No, non è necessario aggiungere altro dolore. Non è necessario uccidere gli animali.
Si nasce e si muore, e questo è inevitabile. Ciò che si può invece evitare è arrecare dolore ad altre creature.
2 commenti:
uno degli elementi straordinari in Buzzati è il suo sguardo che reisce a penetrare l'essenza delle cose---
così la notte incantata è il solito teatro della guerra per la vita,per la sopravvivenza (mi viene in mnete un altro racconto " lo sportello"...)
il contrasto della vita: il mescolarsi di emozioni, di sensazioni, di pace (apparente) e guerra---
un campo di battaglia interiore, innanzitutto---
le Domande di Buzzati, bè, un senso etico oltre l'apparente laicità dell'autore stesso---
S
"Un senso etico oltre l'apparente laicità dell'autore stesso":
una sorta di fede a-religiosa; come testimonia il Colombre. La capacità di affidarsi e credere nel proprio destino.
Ed è vero che Buzzati riesce a penetrare con lo sguardo l'essenza delle cose: uno sguardo epifanico.
Molti, a torto, lo definiscono un autore a tratti surreale, magico, in realtà è soltanto uno che pone domande diverse e trova risposte diverse. Oltre la superficie.

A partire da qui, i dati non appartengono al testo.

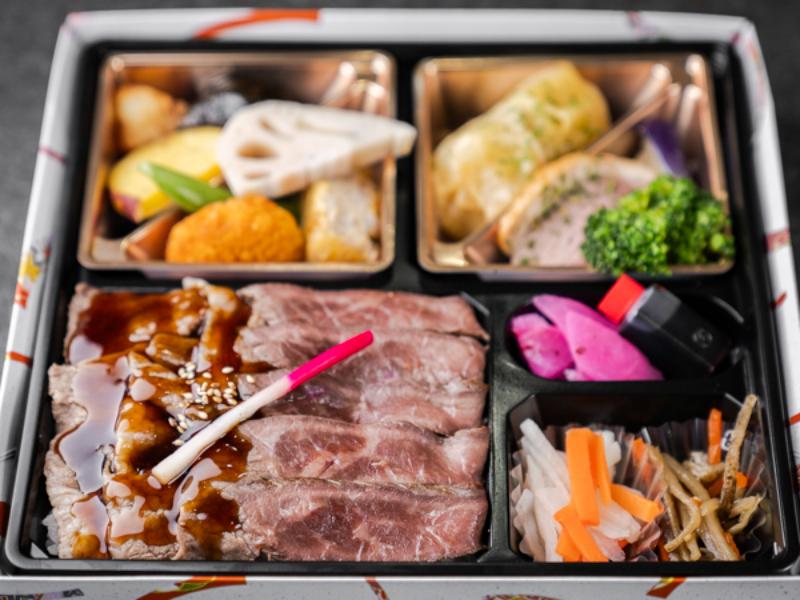 A5等級黒毛和牛赤身ステーキ＆カルビ焼肉コンビ弁当（副菜ロールキャベツ）
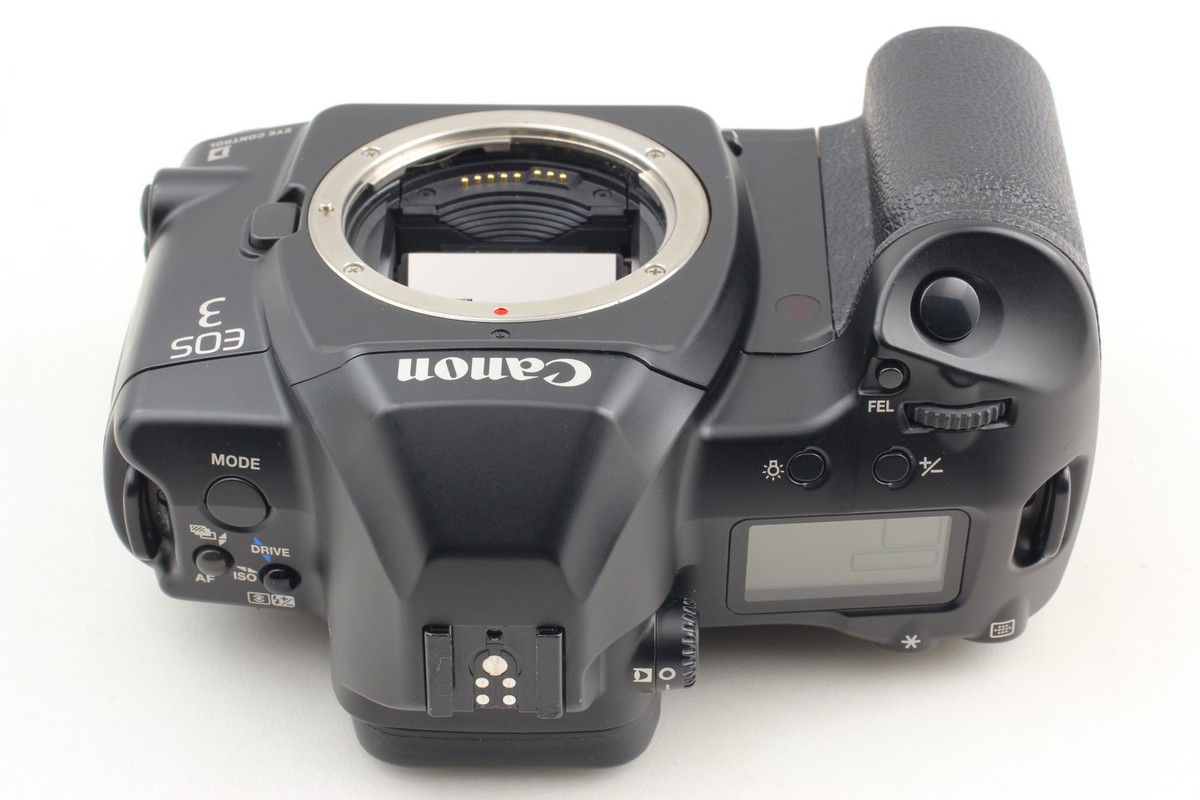 ★ Canon EOS 3 + レンズ35-135mm 1:4-5.6★レンズ付 N MINT w/ Hood] Canon EOS 3 35mm Film Camera EF 35-135mm f4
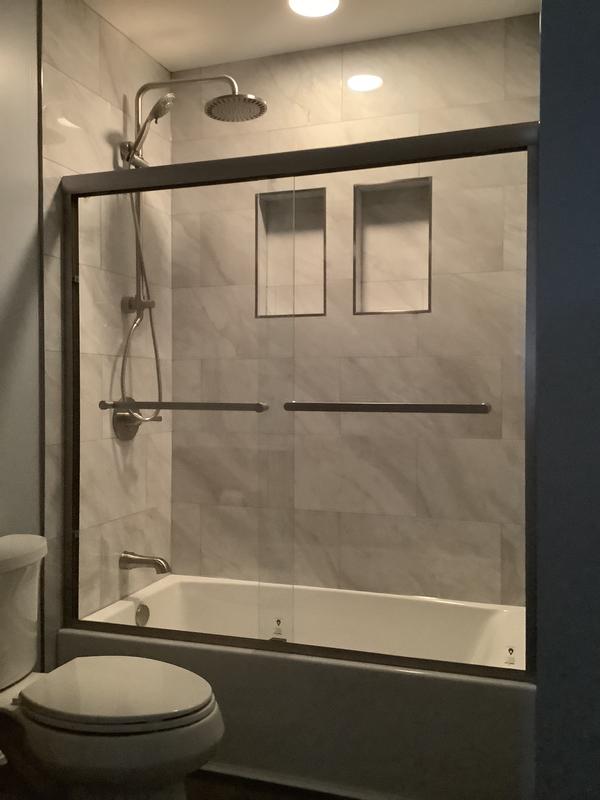 Delta Faryn Single-Handle 5-Spray Tub and Shower Faucet in Chrome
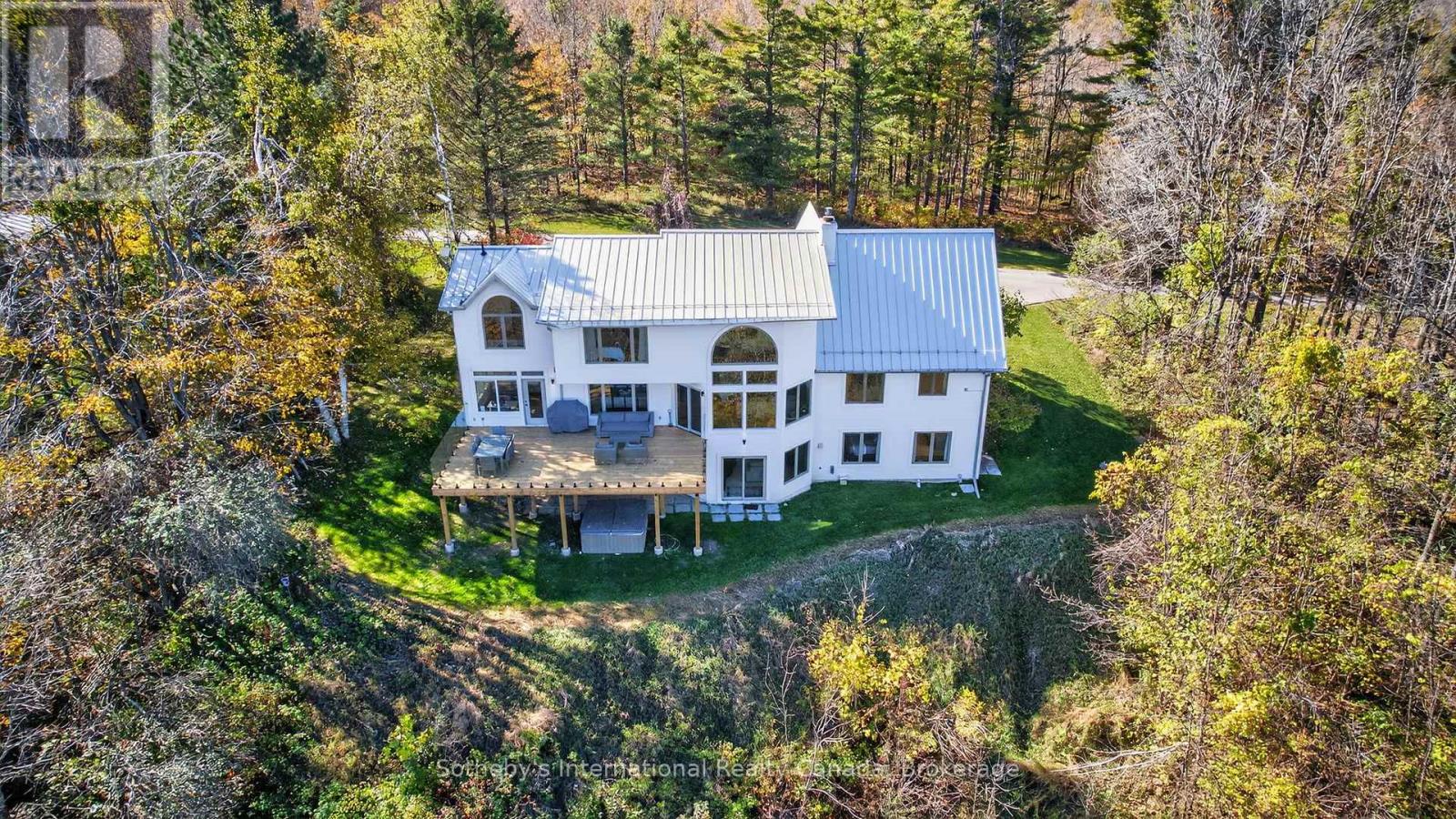 589374 19 Grey Road, Blue Mountains, Ontario  L9Y 0R6 - Photo 48 - X12471174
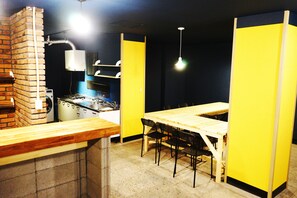 Microwave, coffee/tea maker, cookware/dishes/utensils - Onna Guesthouse - Hostel (Daegu)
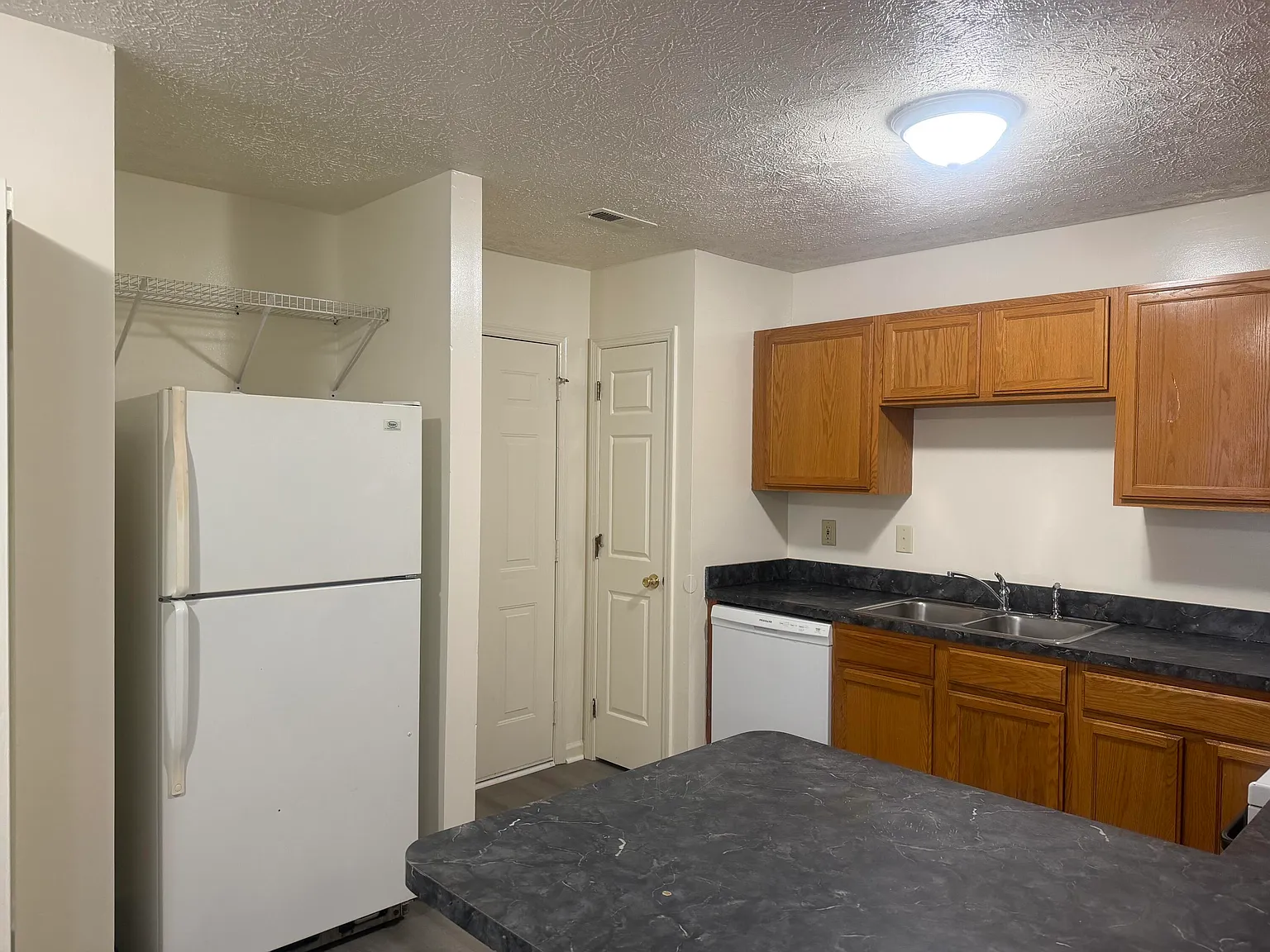 3 bed, 2.0 bath, 1207 sqft, $1,895 — Photo 4
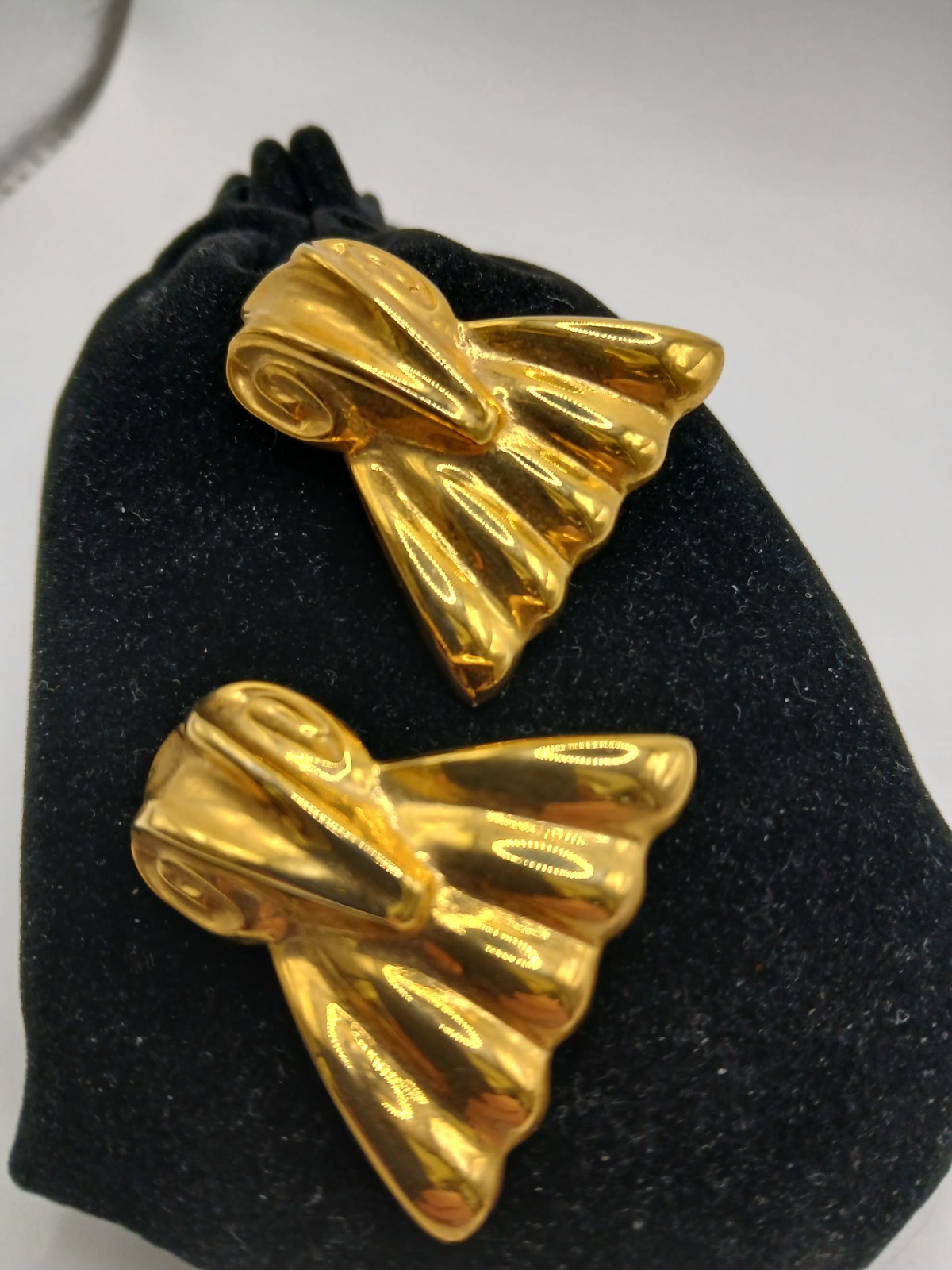 Premier Designs Large Gold Toned Stylized Clip On Earrings. NWT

Oppresso dalla consapevolezza della morte, ma per questo ancora più sensibile nei confronti della vita e ben attento ad accoglierla pienamente. Talvolta però la consapevolezza giunge in ritardo ed allora il rimpianto di qualcosa che è andato irrimediabilmente perduto diviene l'unica nota dominante: come in quel bellissimo racconto dal titolo "Il registratore".